とはいえ、こうした国内の治安維持や社会課題への対応(上記②)は、国民の生活に直接関わる事柄であるため、直感的にも理解されやすい。他方、外国からの干渉や影響の排除(上記①)については、直接的には国民の生活を維持向上する作用を持たないため、直感的に理解されにくいものである。
こうした政策は、国民生活を維持向上するための様々な政策の前提となる統治機構そのものの存立を守るためのものであり、外交や軍事、エネルギーといった政策領域がその典型である。こうした政策の必要性が国民の目からも明確に認識されるようになったときには、既にその政策目的との関係で手遅れに近い状況にある可能性が高い。政府は平時の行政活動において、そうした状況を未然に防ぐことに莫大なコストを割いている。各国が毎年、膨大な支出でもって軍備を維持、強化しているのは、その最たるものである。
更に悪いことに、統治機構そのものの存立を守ることを主たる目的としてなされる政策は、しばしば、直接的には国民の利害と対立する場面がある。そのため、国民から理解を得るどころか、強い反対にさらされやすいのである。
徴兵制や基地の立地などに関する政策はその典型的なものであるが、政府は、個々の国民が、自身の平穏な生活をそれまで通りに営み、その幸福を増進するために不可欠であると考える様々な要素について、統治機構としての存立を維持するためにそれが不可欠と判断されるときには、個々の国民の意思とは無関係に、その追求を一方的に禁ずることがある。

(2)国家の暴力性について
言うまでもなく、統治機構が持つ力が個々の国民の意思と無関係に発動される場面は、軍事や外交、エネルギーといった、統治機構の存立に関わる政策が行われる場面に限らない。例えば、民間企業のビジネスに対する規制や、徴税権の発動もその例である。あるいは、既存の制度、例えば社会保障制度やインフラ整備に係る支出、特定産業の保護などといった、国民生活に直接関わる政策を縮小するといった政府の政策判断が、個々人の生活の水準を低下させ、場合によってはその基盤そのものを破壊することもある。
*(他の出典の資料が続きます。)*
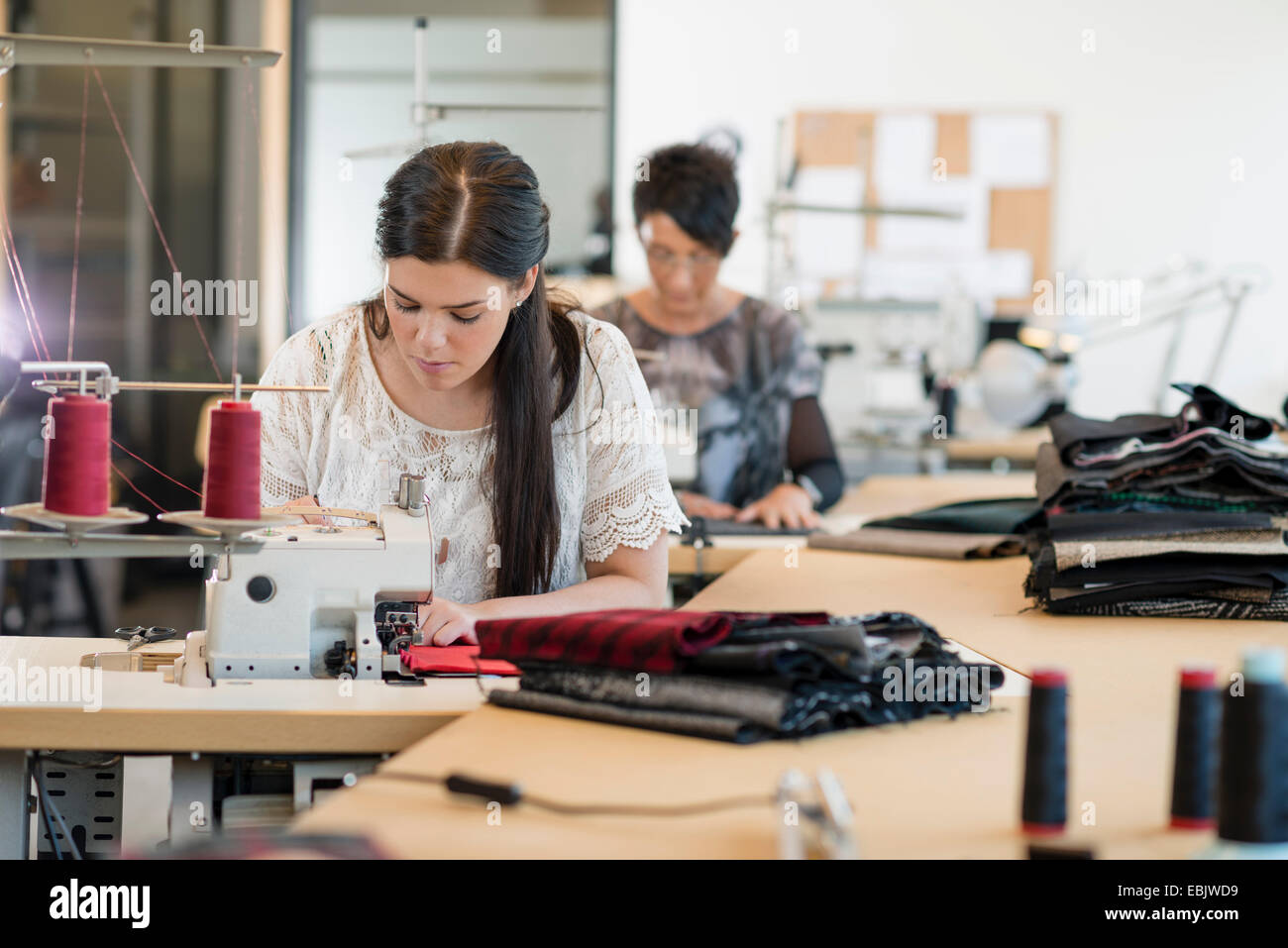 Two seamstresses using sewing machines in workshop Stock Photo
統治機構が有しているそうした冷徹な力、言うなれば暴力性は、統治機構が国民の生活を維持向上させるという役割を果たすために必然的に付随するものであると言ってよい。
そして、統治機構がそうした力を持っているからこそ、政府の意思決定過程には、国民の権利を不当に侵害しないための様々な仕掛けが存在するのだが、それに係る費用や時間が持つ意味もまた、直接的には国民に理解されづらい。
例えば、法律の策定や閣議決定など、政府が意思決定に関与するためのプロセスには非常に多くの工数を必要とする。政策目的を実現するために迅速な意思決定が必要なことは言うまでもないが、政府が思いつきで政策を変更できるようになってしまえば、国民の権利との関係で重大なリスクを孕むことになる。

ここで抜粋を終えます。